Captioned web images –
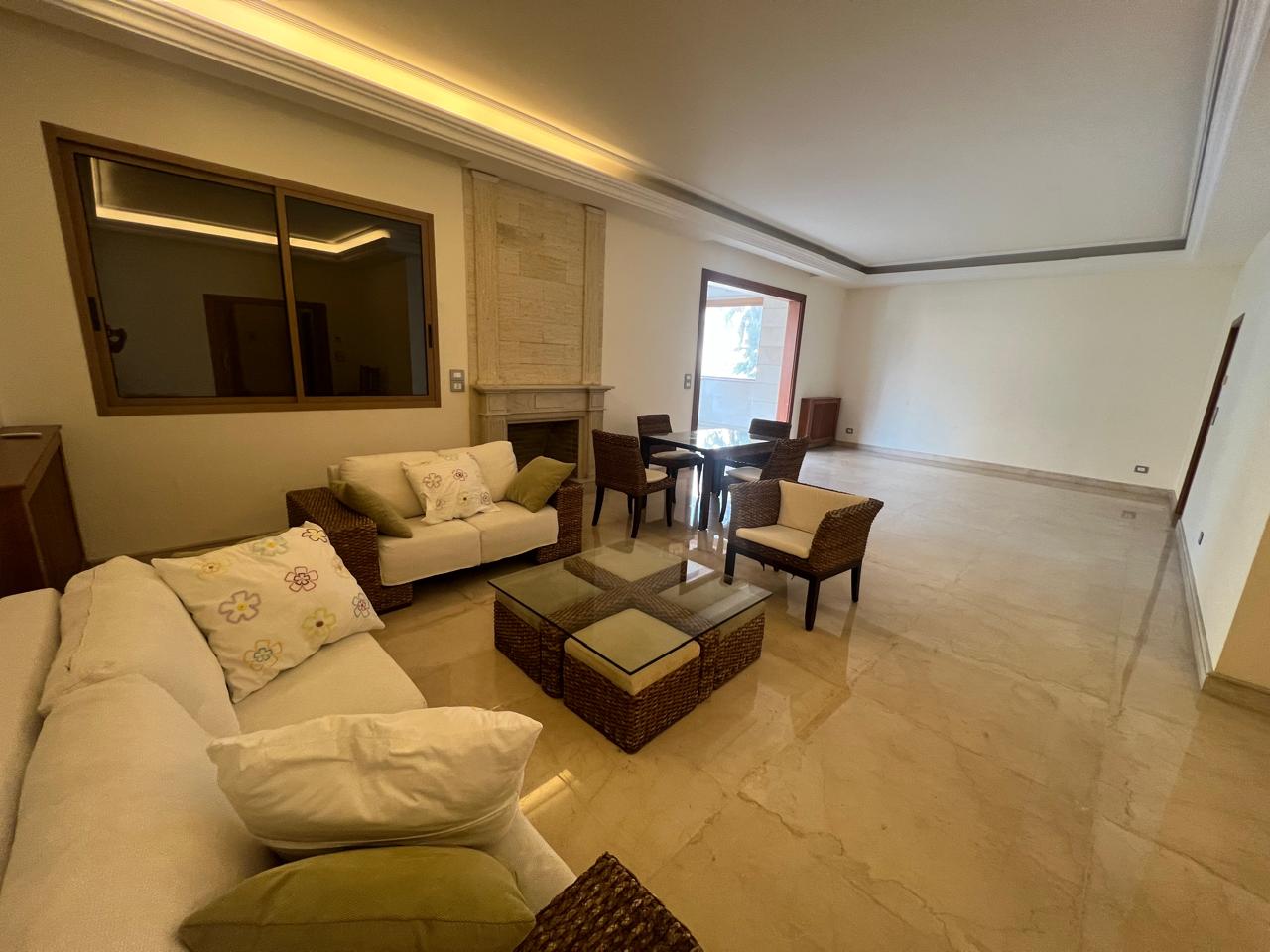 4BR Apartment with 100sqm Private Terrace for Sale in Baabda - 250sqm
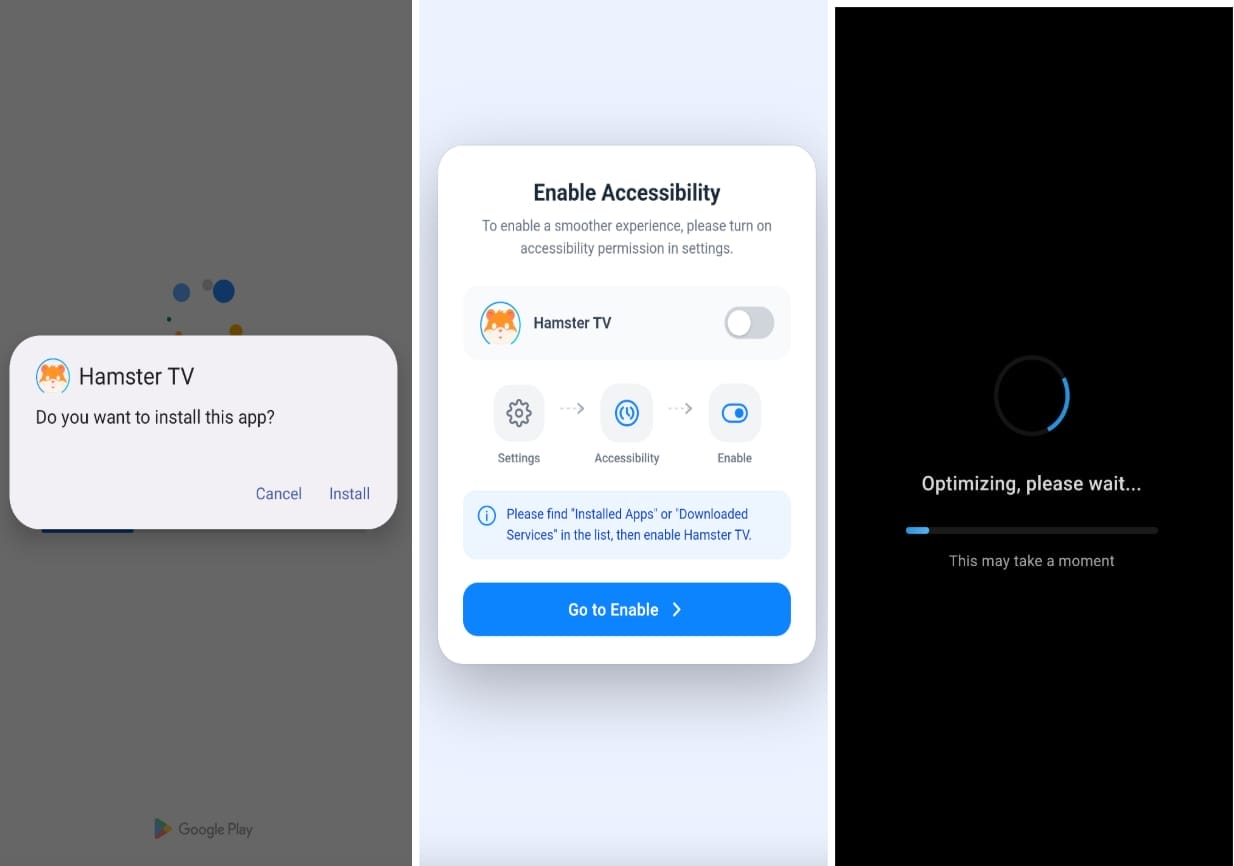 ToxicPanda 2.0 Android malware requests Accessibility Service permissions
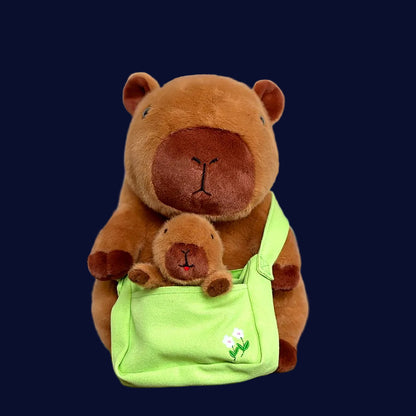 Coco the Capybara & Baby Plushie Set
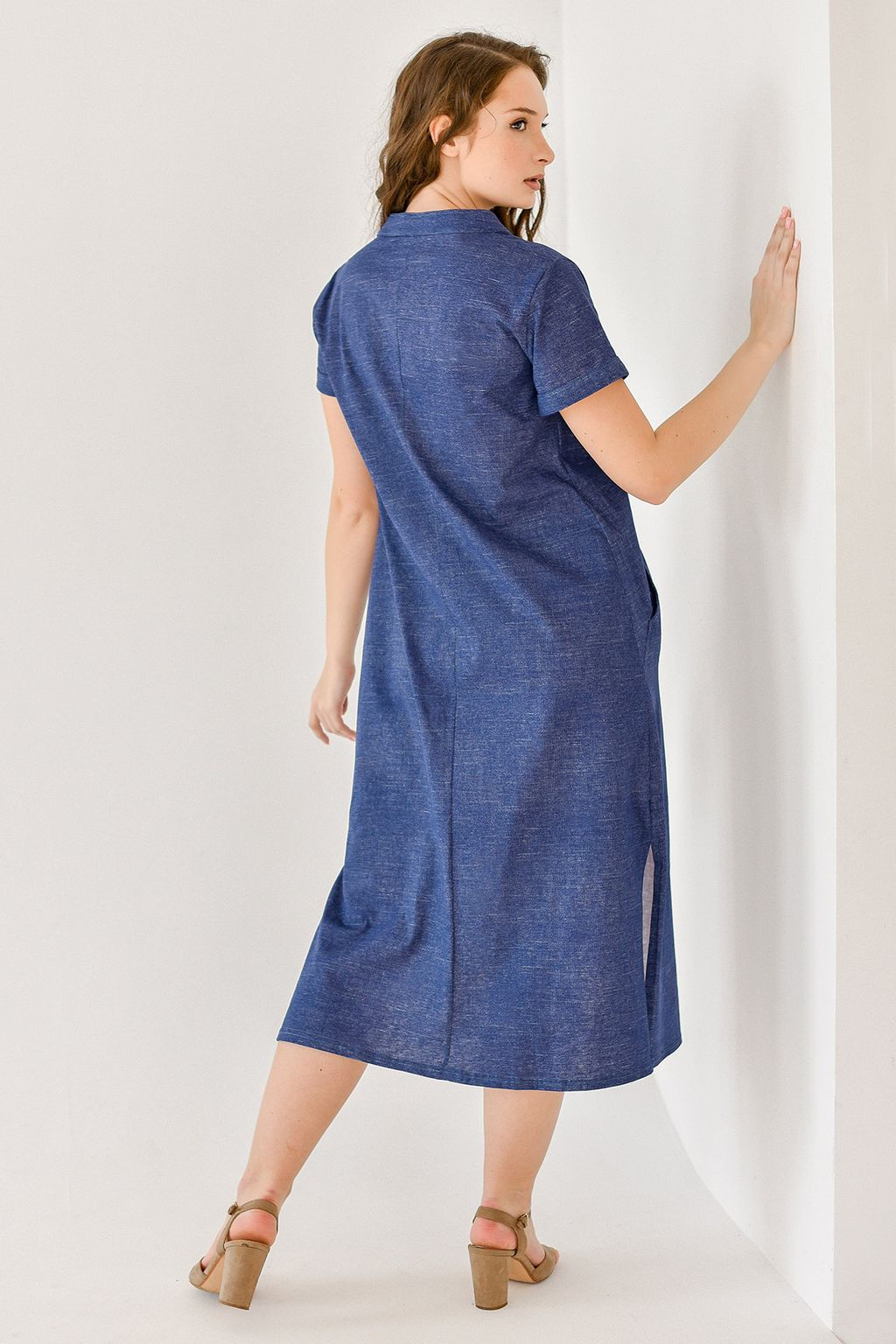 Платье женское "Лён"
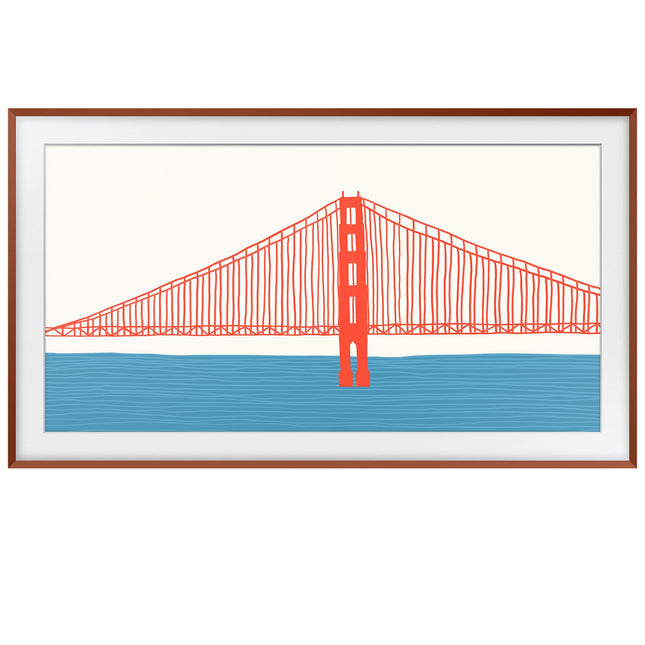 Samsung The Frame 2021 TV (55 inch) Bezel - Terracotta (VG-SCFA55TRCXL) 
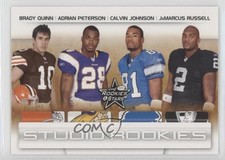 2007 Leaf Rookies & Stars Studio Adrian Peterson JaMarcus Russell #SR-53 HOF 2rz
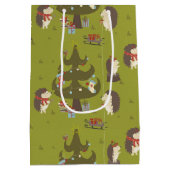 Kute egel met astomstructuur en hoge Kinderen Medium Cadeauzakje (Achterkant)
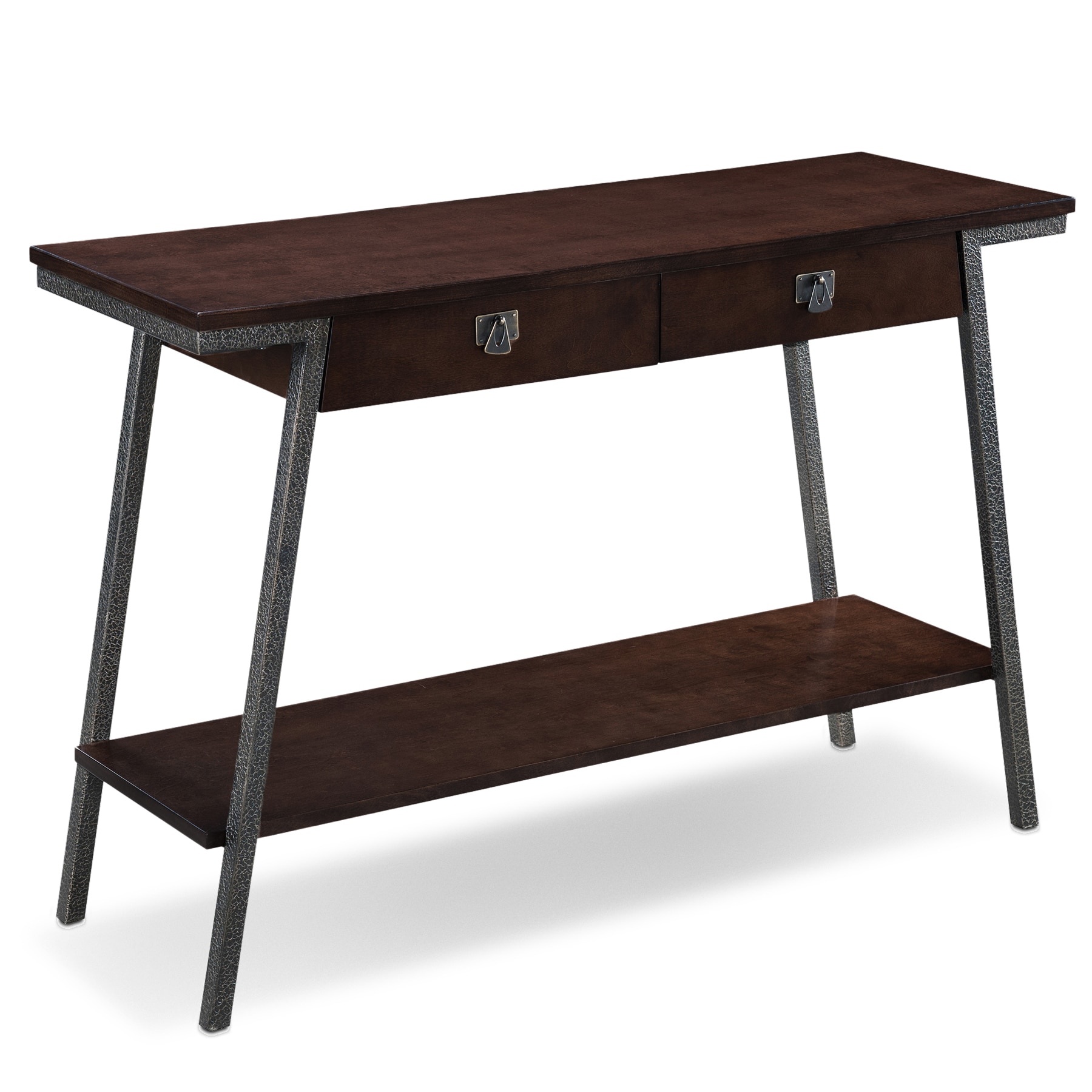 Leick Home 11433 Empiria Modern Walnut Sofa table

Task description – Retype all the records shown above, character for character. Omit every picture.

Written answer –
 4BR Apartment with 100sqm Private Terrace for Sale in Baabda - 250sqm
 ToxicPanda 2.0 Android malware requests Accessibility Service permissions
 Coco the Capybara & Baby Plushie Set
 Платье женское "Лён"
 Samsung The Frame 2021 TV (55 inch) Bezel - Terracotta (VG-SCFA55TRCXL) 
 2007 Leaf Rookies & Stars Studio Adrian Peterson JaMarcus Russell #SR-53 HOF 2rz
 Kute egel met astomstructuur en hoge Kinderen Medium Cadeauzakje (Achterkant)
 Leick Home 11433 Empiria Modern Walnut Sofa table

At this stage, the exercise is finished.